The FAA’s latest round of drone laws means even photojournalists need to be certified before they fly — and now a partnership between several groups from Google News Lab to DJI is going to help photojournalists get their drone wings.
The Poynter Institute, Google News Lab, the Drone Journalism Lab at the University of Nebraska, the National Press Photographers Association, and DJI unveiled on Monday a new training program designed to provide journalists the tools they need to safely use drones in their reporting. The Drone Journalism School will be held as a three-day, hands-on workshop, with four locations across the U.S., as well as online availability later this year through Poytner’s News University.
“Drones are purpose-built context machines. They can, in less time and at vastly reduced costs, give a viewer an understanding of the scale and scope of a story unlike anything else journalists have in the toolbox,” Drone Journalism Lab’s Matt Waite said. “Just getting a drone straight up 100 feet in the air has the power to change our understanding of how big, how far, how wide, how massive something is. And it can be done safely and for very little cost.”

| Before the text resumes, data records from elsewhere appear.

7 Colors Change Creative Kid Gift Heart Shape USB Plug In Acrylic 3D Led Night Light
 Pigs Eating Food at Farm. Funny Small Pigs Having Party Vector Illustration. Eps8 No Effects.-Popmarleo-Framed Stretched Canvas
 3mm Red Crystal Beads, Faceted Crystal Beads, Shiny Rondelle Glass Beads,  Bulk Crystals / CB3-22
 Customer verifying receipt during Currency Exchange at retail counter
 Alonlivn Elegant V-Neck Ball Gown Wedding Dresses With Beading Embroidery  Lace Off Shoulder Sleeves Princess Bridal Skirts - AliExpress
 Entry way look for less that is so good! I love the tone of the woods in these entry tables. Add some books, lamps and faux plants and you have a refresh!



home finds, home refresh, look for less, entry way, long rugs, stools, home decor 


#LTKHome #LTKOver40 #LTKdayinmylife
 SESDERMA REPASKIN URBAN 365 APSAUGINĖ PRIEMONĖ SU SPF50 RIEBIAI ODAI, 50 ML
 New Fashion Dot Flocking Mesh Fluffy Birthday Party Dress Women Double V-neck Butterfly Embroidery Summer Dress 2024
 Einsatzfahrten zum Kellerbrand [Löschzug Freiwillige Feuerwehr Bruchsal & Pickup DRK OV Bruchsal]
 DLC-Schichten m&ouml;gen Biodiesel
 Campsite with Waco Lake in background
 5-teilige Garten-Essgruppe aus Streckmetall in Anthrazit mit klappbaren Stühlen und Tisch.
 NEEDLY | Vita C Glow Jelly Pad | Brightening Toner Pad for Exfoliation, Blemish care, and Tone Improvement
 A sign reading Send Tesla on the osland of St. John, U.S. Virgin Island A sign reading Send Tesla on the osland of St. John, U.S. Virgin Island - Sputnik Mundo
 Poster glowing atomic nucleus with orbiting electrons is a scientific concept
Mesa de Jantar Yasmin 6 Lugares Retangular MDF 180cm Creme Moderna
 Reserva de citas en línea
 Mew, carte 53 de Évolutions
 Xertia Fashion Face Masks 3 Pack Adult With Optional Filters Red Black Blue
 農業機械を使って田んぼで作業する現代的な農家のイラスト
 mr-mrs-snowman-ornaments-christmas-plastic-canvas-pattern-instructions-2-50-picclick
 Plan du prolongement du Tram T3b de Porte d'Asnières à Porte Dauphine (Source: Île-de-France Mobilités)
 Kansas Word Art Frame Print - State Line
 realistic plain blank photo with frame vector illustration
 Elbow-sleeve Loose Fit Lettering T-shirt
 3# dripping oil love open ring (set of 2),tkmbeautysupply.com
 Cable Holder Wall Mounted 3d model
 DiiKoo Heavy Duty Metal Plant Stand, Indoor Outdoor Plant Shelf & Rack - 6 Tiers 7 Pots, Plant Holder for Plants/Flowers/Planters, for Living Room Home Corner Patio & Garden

Along with covering topics such as drone safety, the workshops will also provide journalists with the information to study for the FAA exam in order to obtain a permit to operate a UAV commercially. “As a certified drone pilot myself, I know how difficult the exam can be for people who have no other pilot training,” said Al Tompkins, the Poynter organizer for the workshops. “Our goal is not to make you ‘test ready’ but to show you what will be on the exam and to give you the fundamental knowledge you will need to study for the test.”
Hands-on flight training will also be a part of the workshop, sponsored by drone manufacturer DJI. A National Press Association Lawyer, Mickey H. Osterreicher, will also be on hand to discuss the legal side of drone flight, helping potential pilots to navigate not only federal drone regulations, but local ordinances as well.
The workshops will be held at the University of Georgia Grady College of Journalism and Mass Communication from March 17 to March 19, Syracuse University Newhouse School of Public Communications from April 21 to April 23, University of Wisconsin-Madison School of Journalism and Mass Communication from June 16 to June 18, and the University of Oregon School of Journalism and Communication in Portland from August 18 to August 20. The workshop registration is $295, with scholarships available to members of a number of different journalism organizations.